Related reading: Symptoms of Strep Throat
The hand foot and mouth rash often sparks confusion with animal foot-and-mouth disease, but HFMD vs FMD symptoms guide clearly differentiates the two for better parental awareness.
Frequently asked questions
Can adults get hand, foot and mouth?
Yes, adults can contract HFMD, though it’s less common. Most adults have persistent immunity from childhood exposure. When adults do get it, symptoms are usually similar to those in children — fever, mouth sores, and hand/foot rash — but adults may experience more pronounced fatigue and body aches.
Is hand, foot and mouth dangerous?
In the vast majority of cases, HFMD is mild and self-limiting, resolving within a week or two with home care. Complications are rare but can occur, particularly with Enterovirus 71 (EV71) strains, which have been linked to meningitis, encephalitis, and myocarditis. High fever lasting more than 48 hours, rapid breathing, or unusual lethargy warrant medical attention.
How did my 2 year old get hand, foot and mouth?

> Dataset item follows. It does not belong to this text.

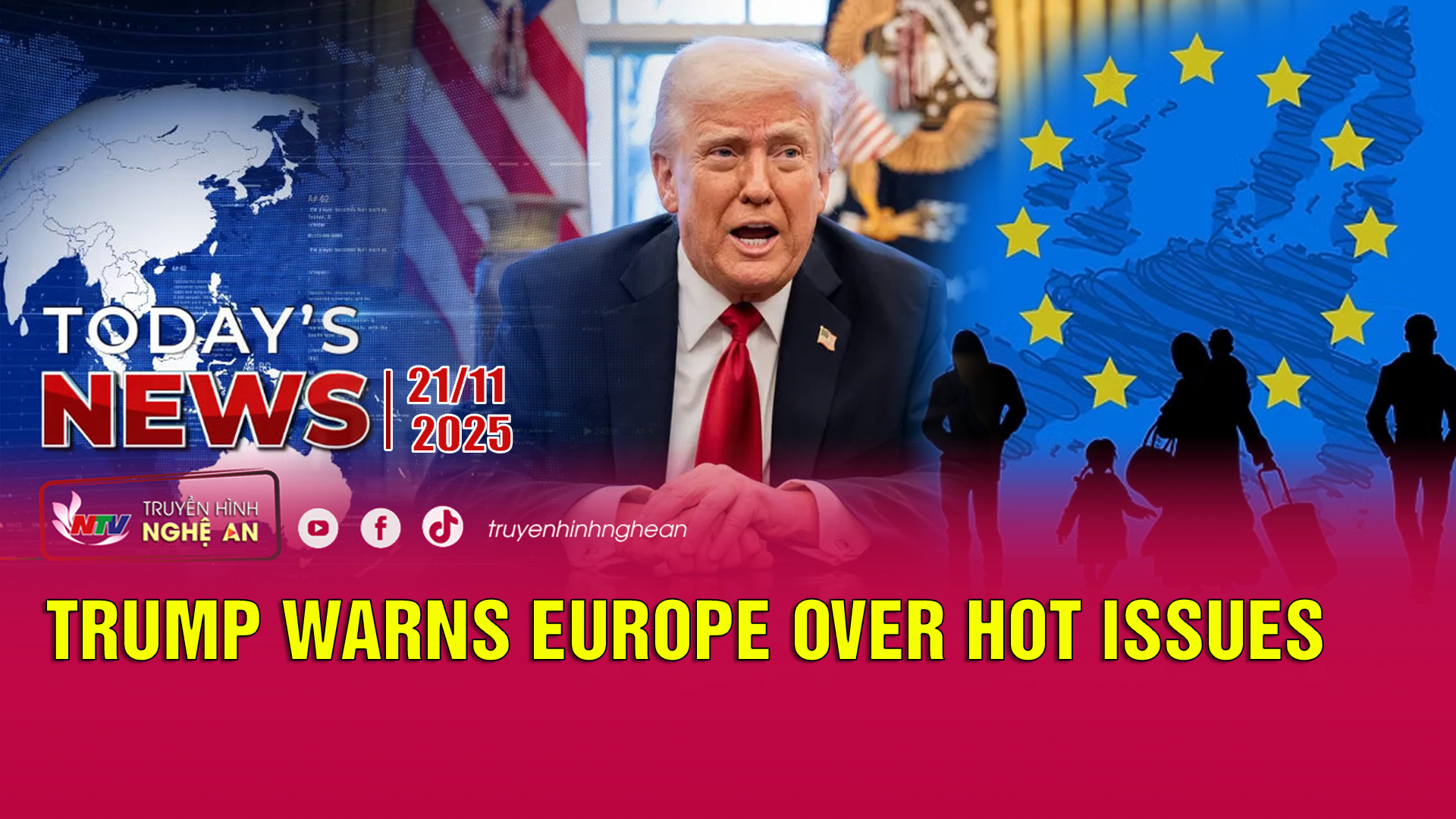 Today's News - 10/12/2025:   Trump warns Europe over hot issues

Toddlers typically catch HFMD from other children at daycare, preschool, or playgroup settings. The virus spreads through saliva, mucus, stool, and blister fluid. It can also survive on surfaces for short periods, so shared toys, cups, or utensils can be transmission vehicles. The incubation period is 3–6 days from exposure to first symptoms.
Should I quarantine if my kid has hand, foot and mouth?
Yes — most pediatric guidelines recommend keeping children home from school or daycare until all blisters have crusted over and fever has resolved (typically 5–7 days). The virus spreads most readily during the first week. Rigorous handwashing, especially after diaper changes or bathroom use, is essential in households with other young children.
Is HFM still contagious after 5 days?
Possibly. While children are most contagious during the first week when fever and active blisters are present, the virus can continue shedding in stool for 4–8 weeks after infection. Once all blisters have dried and crusted over, the risk of surface transmission drops significantly. When in doubt, maintain good hygiene practices for at least two weeks.
What to do if your child has hand, foot and mouth disease?
Focus on comfort and hydration. Offer cool, soft foods (yogurt, applesauce, ice pops) to make eating less painful given mouth ulcers. Use acetaminophen for fever and discomfort — avoid aspirin, which is linked to Reye’s syndrome in children. Keep your child home, encourage fluids, and monitor for warning signs like persistent high fever, difficulty breathing, or unusual lethargy.
How does hand, foot and mouth start?
HFMD typically begins with a low-grade fever (37.5–38°C) and general malaise — your child may seem more tired or fussy than usual. Sore throat and reduced appetite are common. Within 1–2 days, the characteristic rash appears on hands and feet, and mouth ulcers develop. The fever may coincide with or slightly precede the rash onset.